Anak di Bawah Umur Pelaku dan Korban Perdagangan Orang di Kota Bogor
Para pelaku menjerat para korban berawal dari pertemanan di Facebook. Sementara korban lainnya mengaku sudah kenal dengan para pelaku. Namun, dalam praktiknya mereka dipaksa untuk melayani para pria hidung belang.
Oleh
AGUIDO ADRI
·3 menit baca
BOGOR, KOMPAS – Kepolisian Resor Kota Bogor mengungkap kasus tindak pidana perdagangan orang atau TPPO terhadap anak di bawah umur. Tidak hanya korban, dua pelaku TPPO juga diketahui masih di bawah umur.
Kepala Kepolisian Resor Kota Bogor, Komisaris Besar Bismo Teguh Prakoso mengatakan, Satuan Reserse Kriminal Polresta Bogor menangkap sembilan tersangka dari pengungkapan enam kasus perdagangan anak dari 29 April hingga 11 Juni 2023.
Para tersangka itu, yaitu Samir (24), Alfiansyah (19), Nursobah (19), Rijalludin (21), Achmad (27), Evan (18), Sandi (29), SL (17), SPS (16).
”Dari sembilan tersangka, dua di antaranya anak berhadapan dengan hukum. Enam korban merupakan anak di bawah umur. Ini menjadi perhatian kita bersama termasuk atensi dari Presiden Joko Widodo dan Kapolri Jenderal Listyo Sigit terkait tindak pidana perdagangan orang,” kata Bismo dalam keterangan resminya, Selasa (13/6/2023).
Kasus tindak pidana perdagangan orang (TPPO) anak di bawah umur itu berada di lima lokasi, seperti di penginapan Reddorz di Jalan Jenderal Sudirman, Bogor Tengah, dan Apartemen Bogor Valley di Kedung Badak, Tanah Sareal. Selain itu, terungkap pula tiga indekos yang berada di Sindangsari, Bogor Timur; di Tegal Gundil, Bogor Utara; dan di Gunung Batu, Bogor Barat.

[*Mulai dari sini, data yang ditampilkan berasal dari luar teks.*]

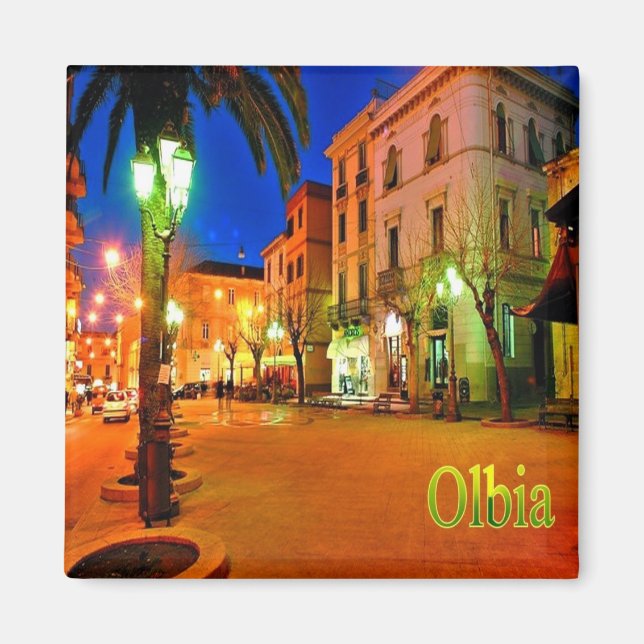 SRD057 OLBIA, Piazza Regina Margherita, Fridge   Magnet (Front)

Dari hasil pemeriksaan, lanjut Bismo, para pemilik indekos menerima uang bagi hasil atau transaksi dari praktik prostitusi anak di bawah umur. ”Kami akan panggil dan periksa pemilik kos yang terlibat,” kata Bismo.
Dari fakta penggunaan indekos di Kota Bogor untuk TPPO, Polresta Bogor akan bekerja sama dengan instansi terkait untuk memverifikasi jumlah, lokasi, dan izin indekos.
Dalam praktiknya, para korban dipaksa melayani pelanggan hingga lima orang per hari dengan tarif Rp 200.000-250.000. Namun, jika pelanggan memesan melalui sebuah aplikasi MiChat tarifnya menjadi Rp 250.000-350.000.
”Ini kejahatan luar biasa, tidak hanya eksploitasi secara ekonomi dan seksual, tetapi juga prostitusi, dan perdagangan anak di bawah umur . Tindakan hukum tegas bagi para pelaku,” ujarnya.
Kepala Satuan Reserse Kriminal Polresta Bogor, Komisaris Rizka Fadhila melanjutkan, dua pelaku berhadapan dengan hukum SL (17) dan SPS (16) bisa terlibat TPPO karena terdesak ekonomi. Mereka akhirnya tergiur dengan praktik prostitusi hingga terlibat dalam TPPO karena menghasilkan uang yang cepat.
”Mereka sudah tidak sekolah. Sejak putus sekolah mandiri cari kerja dan tergiur pekerjaan ini. Mereka sadar praktik ini,” tutur Rizka.
Para tersangka, kata Rizka, mengiming-imingi para korban pekerjaan layak dengan gaji besar sekitar Rp 5 juta per bulan. Tawaran gaji besar itu membuat korban tergiur.
Para pelaku menjerat para korban berawal dari pertemanan di media sosial Facebook. Korban lainnya mengaku sudah kenal dengan para pelaku. Namun, dalam praktiknya mereka dipaksa untuk melayani para pria hidung belang.
”Para pelaku bahkan tidak memberikan uang dari hasil korban melayani tamu,” katanya. Korban anak saat ini dalam pendampingan oleh tim Perlindungan Perempuan dan Anak (PPA) Polresta Bogor dan psikolog.
Untuk mempertanggungjawabkan perbuatannya, para tersangka dikenakan Pasal 76F juncto Pasal 83 Undang-Undang (UU) Nomor 35 Tahun 2014 tentang perubahan atas UU Nomor 23 Tahun 2002 tentang Perlindungan Anak dan Pasal 2 juncto Pasal 17 UU Nomor 21 Tahun 2007 tentang TPPO. Para tersangka diancam hukuman 15 tahun penjara serta denda Rp 60 juta hingga Rp 300 juta.